In 1931 we introduced the first diesel engine to power our line of earthmoving products. These engines were almost immediately pressed into service by over 20 different manufacturers (other than Caterpillar) who used them to power shovels, compressors, and other types of machinery.
In 1935 we took advantage of a growing market and introduced the first diesel engine designed specifically for non-tractor applications. Named the Caterpillar D17000, the engine powered all different types of machines in the rail, oil, and marine industries. In 1936 the Caterpillar diesel engine hit a major milestone when the 17,000th unit rolled off the assembly line at the East Peoria plant. How ironic that the engine just happened to be a D17000.


The Impact of the Caterpillar D17000 Diesel Engine
Over the years, our customers have shared many stories of how the D17000 transformed their businesses. From oil and cotton fields, to the rivers and oceans, the D17000 helped create the standard of excellence our customers have come to expect from Caterpillar.

Long time Cat customer, the Delta Drilling Co. of Evansville, Indiana, powered its rotary drill rigs with D17000 engines. Delta Driller D.S. Bryant described his engines by saying, “The most dependable, most satisfactory engines we ever used. Our repair costs are very light.” Drilling in soft lime, Delta was able to bore 1,900 feet in four days. In addition to the drilling, Delta’s Cat® engines also powered a Gardner-Denver mud pump.

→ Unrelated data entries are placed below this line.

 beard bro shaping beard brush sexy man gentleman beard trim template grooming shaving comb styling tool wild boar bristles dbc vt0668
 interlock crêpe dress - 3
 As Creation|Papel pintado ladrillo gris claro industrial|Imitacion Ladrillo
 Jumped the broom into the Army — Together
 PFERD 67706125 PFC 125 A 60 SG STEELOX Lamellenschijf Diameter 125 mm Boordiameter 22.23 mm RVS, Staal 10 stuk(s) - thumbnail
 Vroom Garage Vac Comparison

In the American South, cotton ginning time was a busy one, and if profits were to be made it was no time for power failures, or worse, for time-consuming repairs and adjustments. The D17000 immediately became a favorite throughout the entire cotton belt. Cat customers, such as the Farmers Gin Co. of Crawfordsville, Arkansas, raved about how their D17000 engines were capable of working throughout the entire ginning season with a minimum of time offline.

Customer SanGravl Co. Inc. operated towboats on the Tennessee River near Johnsville, Tennessee. They installed Cat D17000 engines to power their towboats, the Blanche and the Joe Belk.  For the first time in company history, the power of the D17000 gave them true all-season performance.

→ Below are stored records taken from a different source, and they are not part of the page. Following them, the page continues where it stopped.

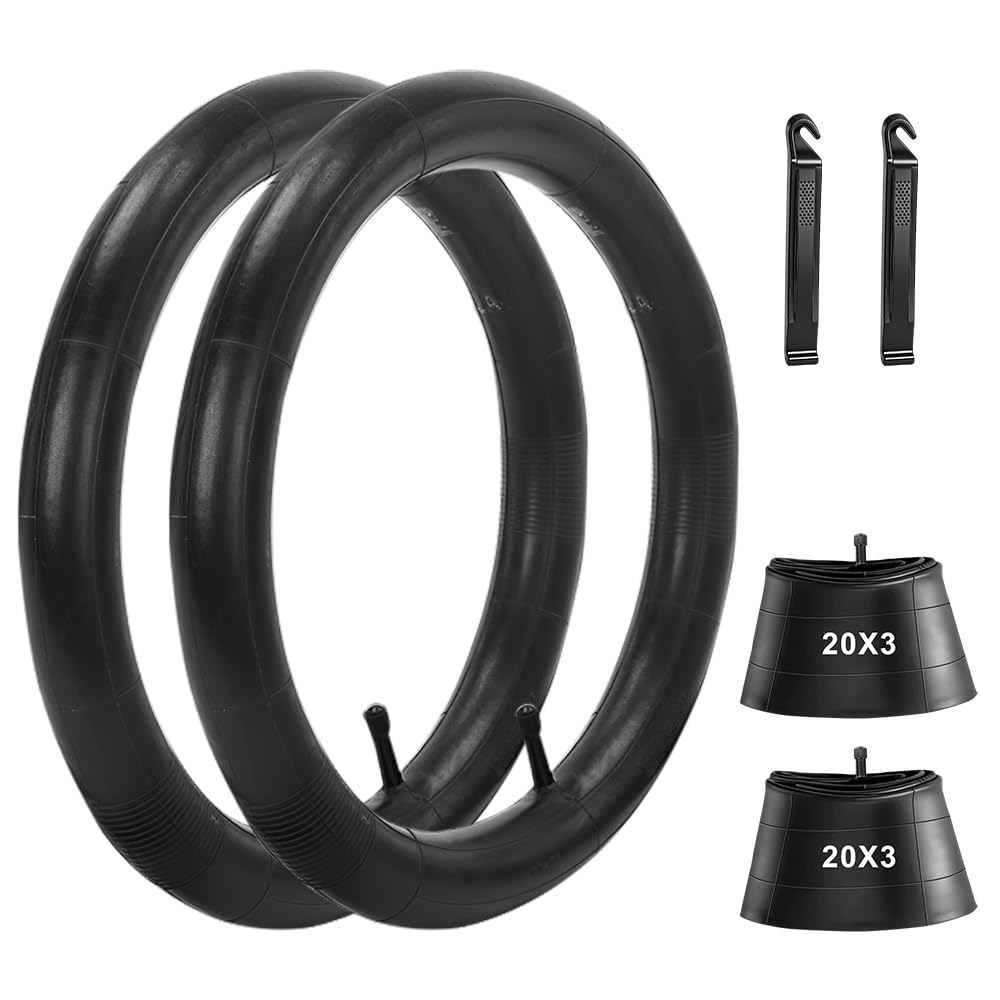 dętki rowerowe 20 x 3,0, pogrubione, 20 cali, z 2 łyżkami do opon, zapasowe dętki do opon MTB/Bike Tires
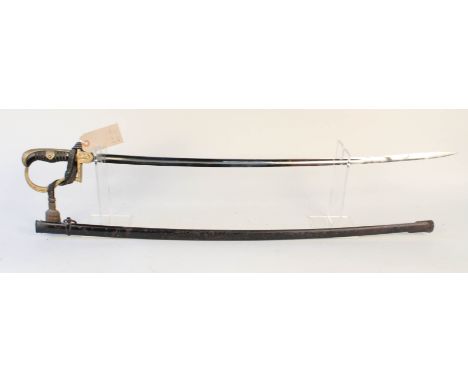 A Third Reich era Army Officers dress sword by Eickhorn with scabbard and sword portepee, a good 'honest' example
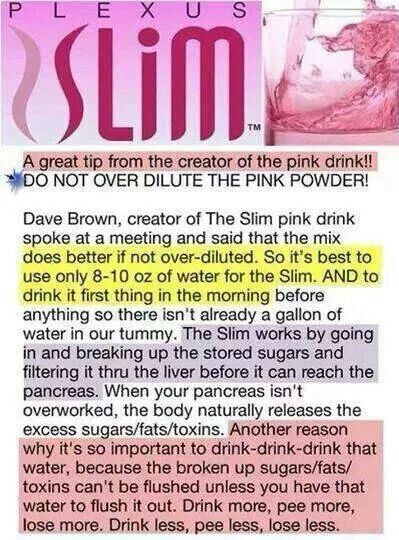 Don't dilute the pink drink!! www.Mare.myplexusproducts.com Plexus Diet, Plexus Pink Drink, Plexus Ambassador, Slim Drink, Plexus Worldwide, Plexus Slim, Pink Drink, Pink Drinks, Healthy Gut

The Heldenfels Bros. Co. of Corpus Christi, Texas used two D17000 engines to do rugged dredging jobs. One of their favorite engines was a 40,000-hour veteran D17000 that ran one of their dredge’s pumps.  Dredge captain L.W. Hunt said, “We’ve had Cats a long time and we’re still buying new ones.”

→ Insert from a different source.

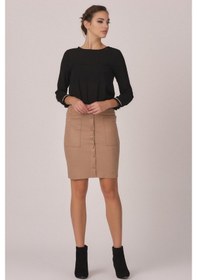 Resim Shahiqa Kadın Suni Süet Etek 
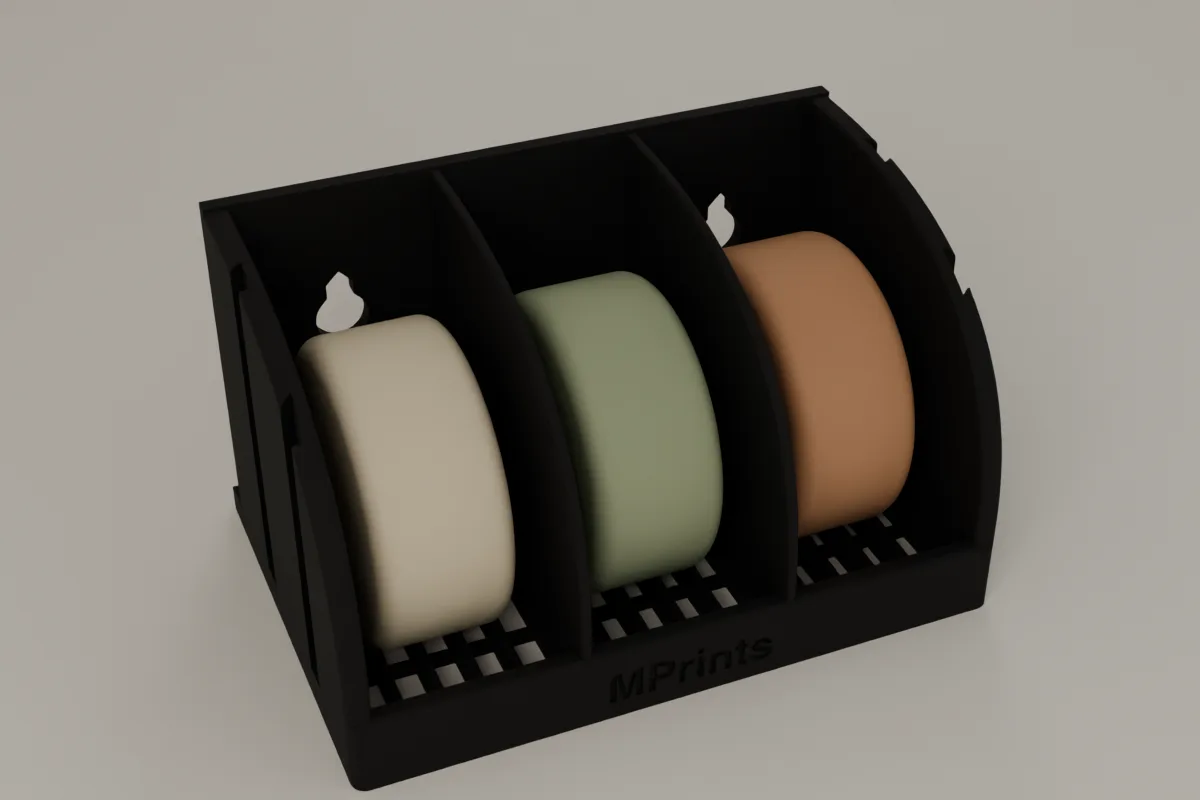 The 3-Box Soap Holder in Matte Black.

The Cat D17000 engine was the first engine to power a 44-ton diesel electric locomotive. Although less “glamorous” than the sleek passenger streamliners or the mighty freight-hauling behemoths, the 44-ton Diesel-electric locomotive established itself as an important component of any forward-looking plan of railway progress in the 1940s and 1950s. To yard and branch line operations it contributed the substantial advantages of lower fuel costs, cheaper maintenance, and higher availability.

The D17000 really did it all, and it was so successful that it remained a staple of our product line for over 20 years. Today, that is what we would call “Built for It.”